Sat Dec 27, 2025, 03:39 PM
2 hrs ago

Governments, including the U.S. government, will take up the slack in any funding because they are convinced that achieving Artificial General Intelligence (if it's possible) is a matter of national security.

And, while generative AI and LLMs are getting all of the hype, there are other types of machine intelligence that are being pursued. World models, action models, multimodal modals, synaptic brain mapping and modeling, expert models, and reinforcement learning are all being developed.

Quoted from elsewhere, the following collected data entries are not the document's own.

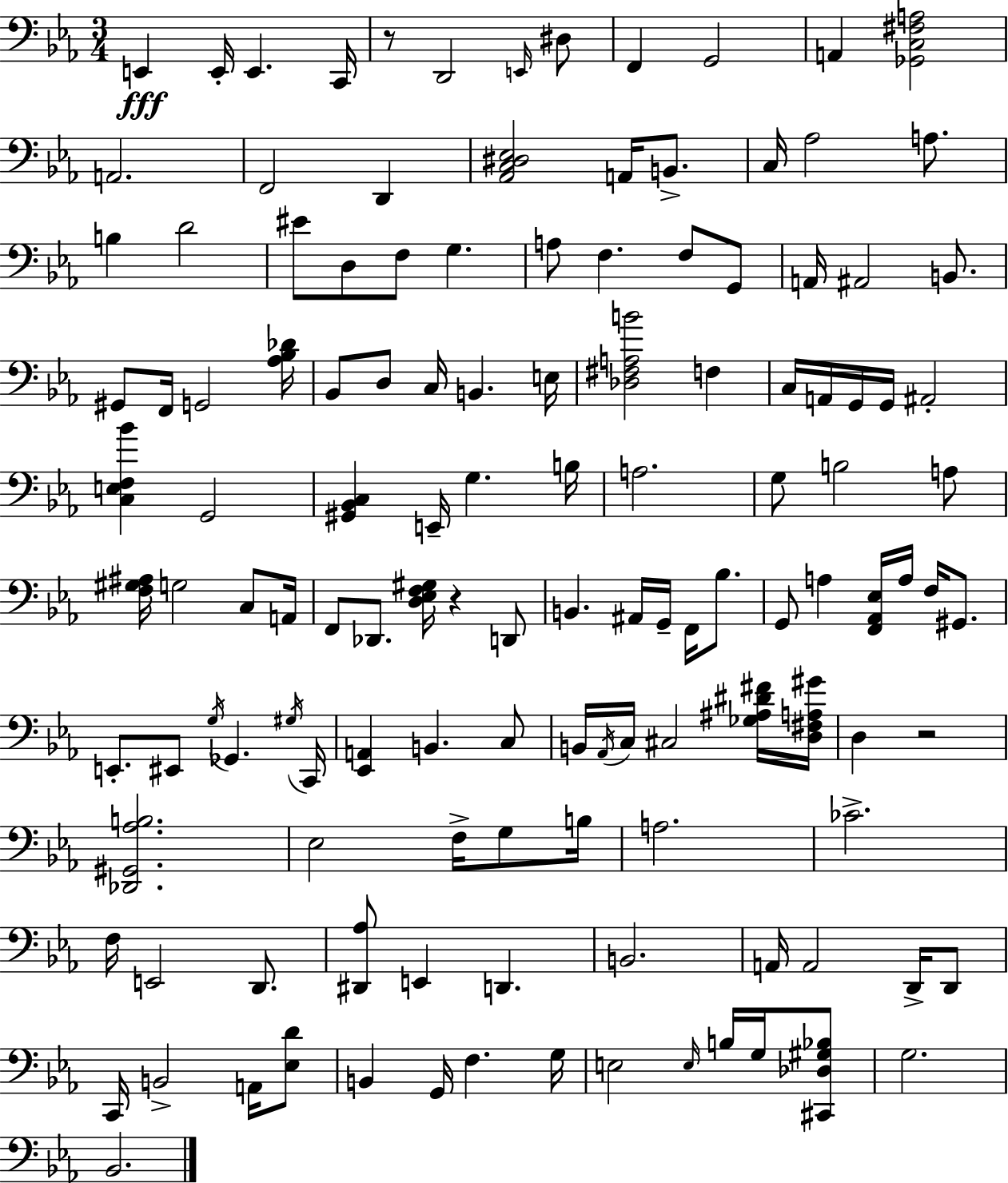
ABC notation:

X:1
T:Untitled
M:3/4
L:1/4
K:Cm
E,, E,,/4 E,, C,,/4 z/2 D,,2 E,,/4 ^D,/2 F,, G,,2 A,, [_G,,C,^F,A,]2 A,,2 F,,2 D,, [_A,,C,^D,_E,]2 A,,/4 B,,/2 C,/4 _A,2 A,/2 B, D2 ^E/2 D,/2 F,/2 G, A,/2 F, F,/2 G,,/2 A,,/4 ^A,,2 B,,/2 ^G,,/2 F,,/4 G,,2 [_A,_B,_D]/4 _B,,/2 D,/2 C,/4 B,, E,/4 [_D,^F,A,B]2 F, C,/4 A,,/4 G,,/4 G,,/4 ^A,,2 [C,E,F,_B] G,,2 [^G,,_B,,C,] E,,/4 G, B,/4 A,2 G,/2 B,2 A,/2 [F,^G,^A,]/4 G,2 C,/2 A,,/4 F,,/2 _D,,/2 [D,_E,F,^G,]/4 z D,,/2 B,, ^A,,/4 G,,/4 F,,/4 _B,/2 G,,/2 A, [F,,_A,,_E,]/4 A,/4 F,/4 ^G,,/2 E,,/2 ^E,,/2 G,/4 _G,, ^G,/4 C,,/4 [_E,,A,,] B,, C,/2 B,,/4 _A,,/4 C,/4 ^C,2 [_G,^A,^D^F]/4 [D,^F,A,^G]/4 D, z2 [_D,,^G,,_A,B,]2 _E,2 F,/4 G,/2 B,/4 A,2 _C2 F,/4 E,,2 D,,/2 [^D,,_A,]/2 E,, D,, B,,2 A,,/4 A,,2 D,,/4 D,,/2 C,,/4 B,,2 A,,/4 [_E,D]/2 B,, G,,/4 F, G,/4 E,2 E,/4 B,/4 G,/4 [^C,,_D,^G,_B,]/2 G,2 _B,,2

My guess is that if AGI is ever achieved, it will be a result of combining many approaches.

highplainsdem

(59,691 posts)
15. That article is nothing but pro-AI hype from someone incapable of being objective about AI. He's
Sat Dec 27, 2025, 04:05 PM
1 hr ago

anti-regulation, so he probably backs Trump.

All those words about AI from him, and nothing about the AI companies having stolen the world's intellectual property.

He can babble about transparency by AI companies supposedly being better than regulation, but that"s bullshit and misdirection because the AI companies are opposed to transparency as well, and there's no way he isn't aware of that. They don't want to reveal their training data because they stole it.

He trivializes the harm done by chatbots, pretends to feel concern for the tragic deaths, but what he says next makes it clear chatbots getting people to commit suicide isn't anything he's really concerned about - at least not enough for him to think it's an adequate reason to regulate AI companies.

The paragraph below shows where his real focus is. Profits.

Ng said the first steps of creating AI models, referred to as the “training” or “pretraining” stages, “is where a lot of the questions are, where the very real questions are. When will the payoff for all of the capital expenses going into this training, when will they pay off?”


That training stage is where the theft of intellectual property starts. He says that's "where the very real questions are" - but it's obvious that to him the only real question is when companies can profit from that theft. Not if they should stop stealing and pay for what they already stole.

He's just another damn robber baron.